Early leader Bill Spear—who would set the lap record, but not win the race—at speed in his Ferrari 4.5.
Photo: Alix Lafontant
The 7th running of the fall races at Watkins Glen, N.Y., was held at the Interim Course, a 4.6-mile, 9-turn circuit on public roads, up the hill from the village, in Dix Township—the second year for that course. People would later call it “the course on the hill.” It was a beautiful course, but not nearly as popular with the drivers as the 6.6-mile circuit that went through town. As described at the time, it had “a 6,000-foot straight which is slightly downhill and punctuated with mounds and ‘thank-you-ma’ams.’” Course control was handled efficiently by Fred German’s Race Communications Association. The Elmira Star Gazette estimated an attendance of 35,000. According to driver Gordon MacKenzie, the race had been preceded by a gala Mark Twain Festival in nearby Elmira, N.Y., which hardly anyone knows is the place where the famed writer is buried.

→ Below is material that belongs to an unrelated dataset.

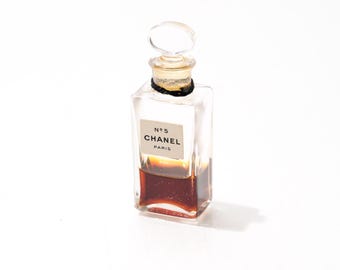 CHANEL ALLURE 1.2 Oz Eau De Toilette Spray, Launched in 1996, a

Longtime enthusiast Chuck Hazle remembers the interim course: “I went up there with my dad after we took my sister to Cornell,” he says. “It was outside of town, in the farm country. We paid a farmer to park the car and walked up the hill past the barns and silos and fields. It was a curvy road with sweeps left and right. After an acute right around a big tree, it went over to another road and up the hill. The straightaway went over the crest of a hill and many of the cars were airborne there.”